- **TASK STATEMENT**
Although the data holds pictures, return only the lines from the one containing "Little boy standing" to the end, exactly, and without them.

- **DATASET CONTENT**
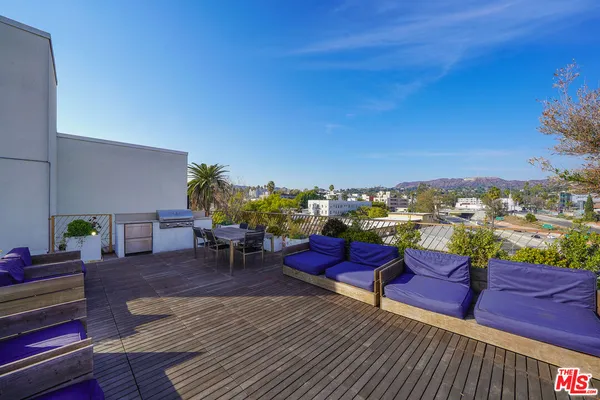 a view of a rooftop deck with couch and chairs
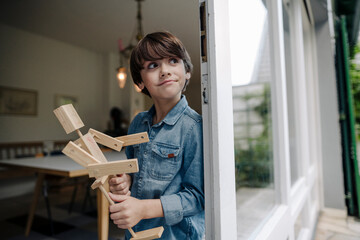 Little boy standing by window, holding self-made toy robot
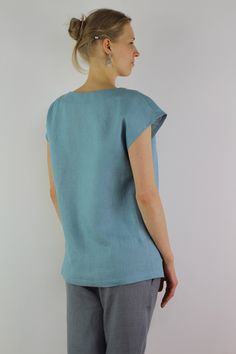 "Handmade turquoise linen blouse with short sleeves, perfect for casual wear and suitable for any occasion in any season Details: - 100% natural linen produced in Europe ; - medium weight (180 gram per square meter); - color: turquoise, can be any from our colors catalog (color samples at the photo); Made to order, approximately a few days, If you have any questions please message me and I will be glad to answer. Size guide : Size XS Bust: fits bust around 33\"-34\"/ 84-88 cm Waist: fits waist a Light Blue Linen Short Sleeve Top, Light Blue Linen Summer Blouse, Turquoise Short Sleeve Tops For Spring, Casual Turquoise Short Sleeve Blouse, Light Blue Relaxed Fit Linen Tops, Relaxed Fit Light Blue Linen Tops, Blue Linen Short Sleeve Top, Turquoise Short Sleeve Top For Summer, Turquoise Relaxed Fit Short Sleeve Top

- **SOLUTION**
 Little boy standing by window, holding self-made toy robot
 "Handmade turquoise linen blouse with short sleeves, perfect for casual wear and suitable for any occasion in any season Details: - 100% natural linen produced in Europe ; - medium weight (180 gram per square meter); - color: turquoise, can be any from our colors catalog (color samples at the photo); Made to order, approximately a few days, If you have any questions please message me and I will be glad to answer. Size guide : Size XS Bust: fits bust around 33\"-34\"/ 84-88 cm Waist: fits waist a Light Blue Linen Short Sleeve Top, Light Blue Linen Summer Blouse, Turquoise Short Sleeve Tops For Spring, Casual Turquoise Short Sleeve Blouse, Light Blue Relaxed Fit Linen Tops, Relaxed Fit Light Blue Linen Tops, Blue Linen Short Sleeve Top, Turquoise Short Sleeve Top For Summer, Turquoise Relaxed Fit Short Sleeve Top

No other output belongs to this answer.